Opened 20 years ago

Closed 20 years ago

Last modified 19 years ago

#31 closed defect (released)

estimates of matching documents ignore collapse operation

Reported by: Richard Boulton Owned by: Olly Betts
Priority: high Milestone:
Component: Library API Version: SVN trunk
Severity: normal Keywords:
Cc: Blocked By:
Blocking: Operating System: Linux

Description

When performing a match using a collapse operation, the bounds and estimate of the number of matching documents, returned by get_matches_lower_bound(), get_matches_estimated() and get_matches_upper_bound(), are not adjusted to reflect the changed number of matching documents.

Strictly, this is the behaviour documented by the documentation comments for the functions: eg get_matches_lower_bound() is documented as "A lower bound on the number of documents in the database which have a weight greater than zero."

However, the functions currently take into account percentage cutoffs, so the behaviour is already not precisely as documented.

The get_matches_*() functions are considerably less useful if they don't take into account collapsing (in particular, they cannot easily be used for calculating how many links to pages of result documents to display), so I propose that the implementations should be updated to take into account whether collapsing is turned on, and the documentation should be amended to make it clear that collapsing and cutoffs will be taken into account.

I have a preliminary patch for this behaviour, which I will attach to this bugreport shortly.

Attachments (3)

diffs (12.4 KB ) - added by Richard Boulton 20 years ago.
Patch containing proposed fix
diffs2 (12.3 KB ) - added by Richard Boulton 20 years ago.
Updated patch (corrects mistake in estimation)
diffs3 (13.1 KB ) - added by Richard Boulton 20 years ago.
Argh. Another patch, this time thoroughly tested.

Download all attachments as: .zip

Change History (10)

comment:1 by Olly Betts, 20 years ago

Status: newassigned

Agreed. These functions should be defined in terms of the size of the "complete mset" - i.e. the mset you'd get if you asked for database.get_doccount() matches.

by Richard Boulton, 20 years ago

Attachment: diffs added

Patch containing proposed fix

by Richard Boulton, 20 years ago

Attachment: diffs2 added

Updated patch (corrects mistake in estimation)

by Richard Boulton, 20 years ago

Attachment: diffs3 added

Argh. Another patch, this time thoroughly tested.

comment:2 by Richard Boulton, 20 years ago

Attached a revised patch - takes account of the number of collapse keys seen, and fixes a bug involving the lower_bound() being overwritten when no cutoff is in use.

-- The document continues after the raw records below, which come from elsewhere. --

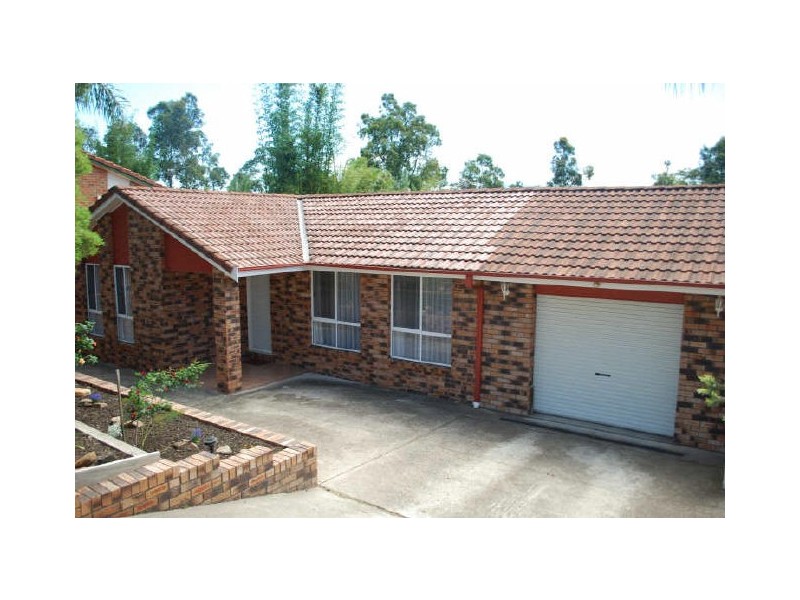 30 Cormack Avenue, Dapto NSW 2530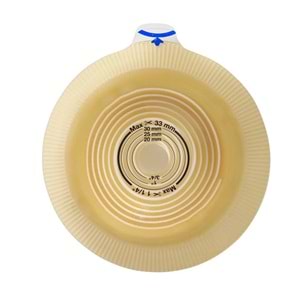 Coloplast Ostomi Taban Plakasi (2 Parça ) P60M 15-43-Mm 177500 5 Adet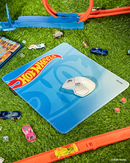 Lifestyle_Photo_-_Hot_Wheels_Original_31.png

This patch is quite thoroughly tested, and seems to give good results.

comment:3 by Olly Betts, 20 years ago

I've not forgotten about this patch, but I'm failing to find time to look at it right now...

The interaction between percentage cutoff and collapse keys looks subtle, so I want to be sure that's correct, as it doesn't seem to be covered by the tests.

Incidentally, what happend to test_collapsekey2?!?

comment:4 by Richard Boulton, 20 years ago

Fair enough - I'll try and put together a test of combining percentage cutoff and collapse keys. I'll have to spend some time working out what is likely to go wrong - it'll probably need a few test cases to test it thoroughly.

As far as I can tell, nothing happened to test_collapsekey2. My patch doesn't change it.

(I don't really have time to look at this in detail now, either - should do in a few days, though. Feel free to prod if nothing is forthcoming soon.)

comment:5 by Olly Betts, 20 years ago

Re test_collapsekey2, I'd just looked at the patch which seemed to add 3 and 4 after 1. But looking more closely, 2 is muscat36 specific so is listed elsewhere...

comment:6 by Olly Betts, 20 years ago

Resolution: fixed
Status: assignedclosed

I've worked through refactoring the code to produce your changes, and I believe I better understand the patch now, and that my worries about the interaction between percentage cutoff and collapsing are unfounded.

Therefore I've applied the patch.

If you do get a chance, it'd still be good to have a test case which includes both. Coverage and all that...

comment:7 by Olly Betts, 20 years ago

Operating System: Linux
Resolution: fixedreleased

Fixed in 0.8.1

Note: See TracTickets for help on using tickets.